The government’s interpretation is incorrect because the Medicare Act and the APA do not use the word “substantive” in the same way. First, the Medicare Act contemplates that “statements of policy” can establish or change a “substantive legal standard,” §1395hh(a)(2), while APA statements of policy are not substantive by definition but are grouped with and treated as interpretive rules, 5 U. S. C. §553(b)(A). Second, §1395hh(e)(1)—which gives the government limited authority to make retroactive “substantive change[s]” in, among other things, “interpretative rules” and “statements of policy”—would make no sense if the Medicare Act used the term “substantive” as the APA does, because interpretive rules and statements of policy—and any changes to them—are not substantive under the APA by definition. Third, had Congress wanted to follow the APA in the Medicare Act and exempt interpretive rules and policy statements from notice and comment, it could have simply cross-referenced the exemption in §553(b)(A) of the APA. And the fact that Congress did cross-reference the APA’s neighboring good cause exemption found in §553(b)(B), see §1395hh(b)(2)(C), strongly suggests that it “act[ed] intentionally and purposefully in the disparate” decisions, Russello v. United States, 464 U. S. 16, 23. Pp. 5–12.

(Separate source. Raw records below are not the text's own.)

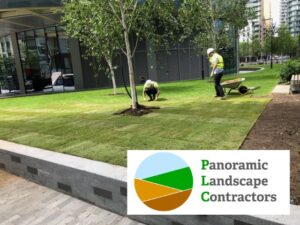 Achieving great growth with Panoramic Landscapes
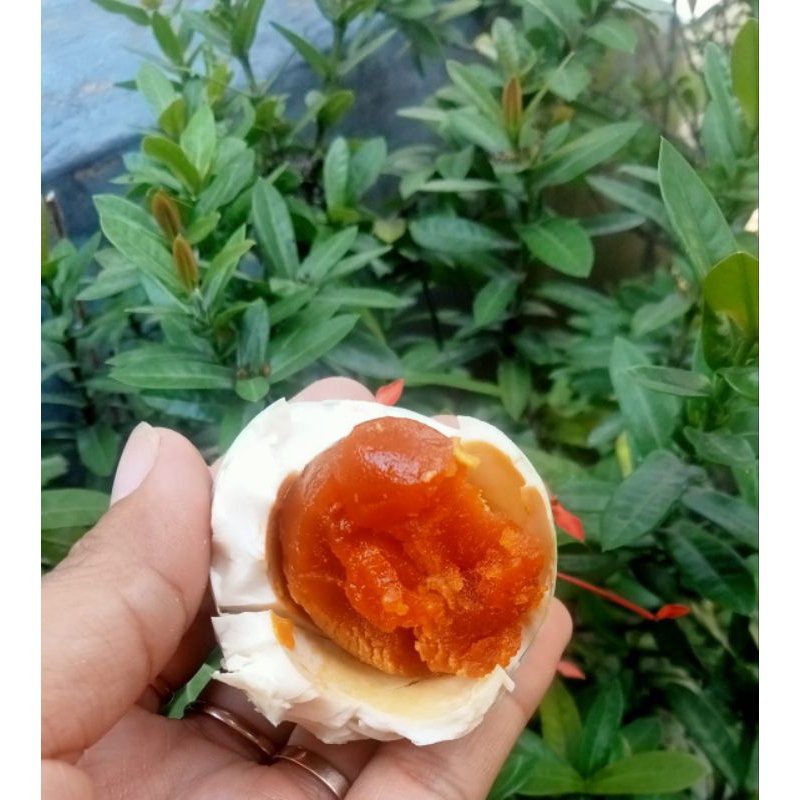 

TELUR ASIN GURIH KHAS BREBES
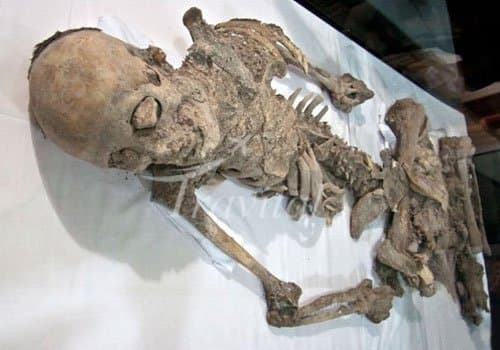 Saltmen Museum of Zanjan – Zanjan - view 3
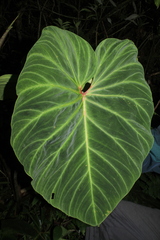 Philodendron verrucosum
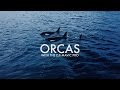 Orcas  dji mavic pro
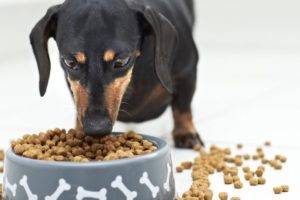 Cách chuyển chó sang thức ăn khô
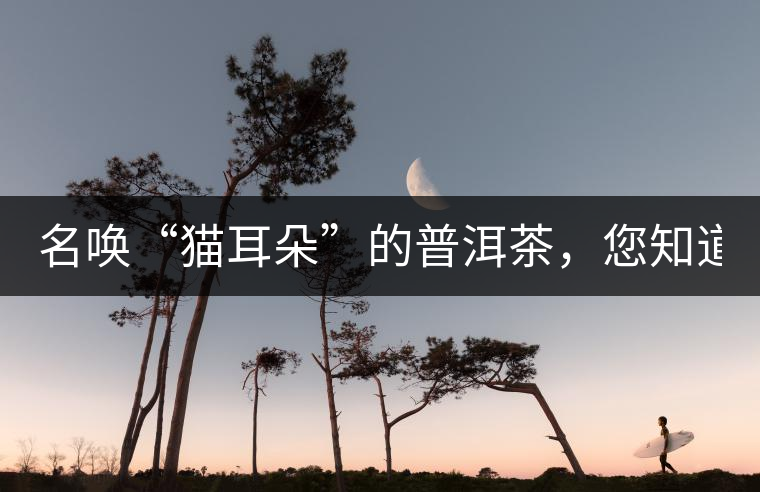 名喚“貓耳朵”的普洱茶，您知道嗎、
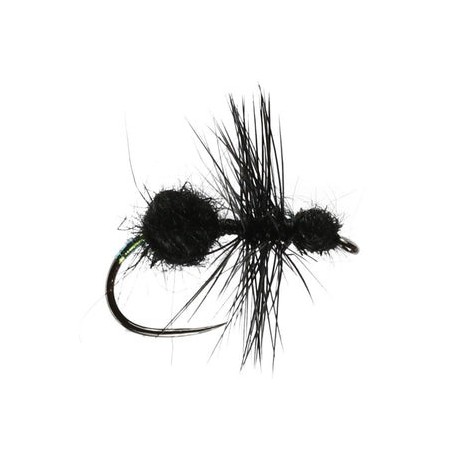 Black Ant - 1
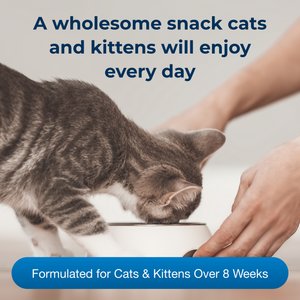 PetAg Cat-Sip Liquid Real Milk Hydration Supplement for Cats, 8-oz can, 4 count
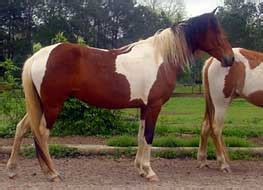 Paso Fino & Spanish Jennet Horses for sale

(b) The Medicare Act’s text and structure foreclose the government’s position in this case, and the legislative history presented by the government is ambiguous at best. The government also advances a policy argument: Requiring notice and comment for Medicare interpretive rules would be excessively burdensome. But courts are not free to rewrite clear statutes under the banner of their own policy concerns, and the government’s argument carries little force even on its own terms. Pp. 13–16. (c) Because this Court affirms the court of appeals’ judgment under §1395hh(a)(2), there is no need to address that court’s alternative holding that §1395hh(a)(4) independently required notice and comment. Nor does this Court consider the argument, not pursued by the government here, that the policy did not “establis[h] or chang[e]” a substantive legal standard—and so did not require notice and comment under §1395hh(a)(2)—because the statute itself required the government to count Part C patients in the Medicare fraction. Pp. 16–17.
863 F. 3d 937, affirmed.
GORSUCH, J., delivered the opinion of the Court, in which ROBERTS, C. J., and THOMAS, GINSBURG, ALITO, SOTOMAYOR, and KAGAN, JJ., joined. BREYER, J., filed a dissenting opinion. KAVANAUGH, J., took no part in the consideration or decision of the case.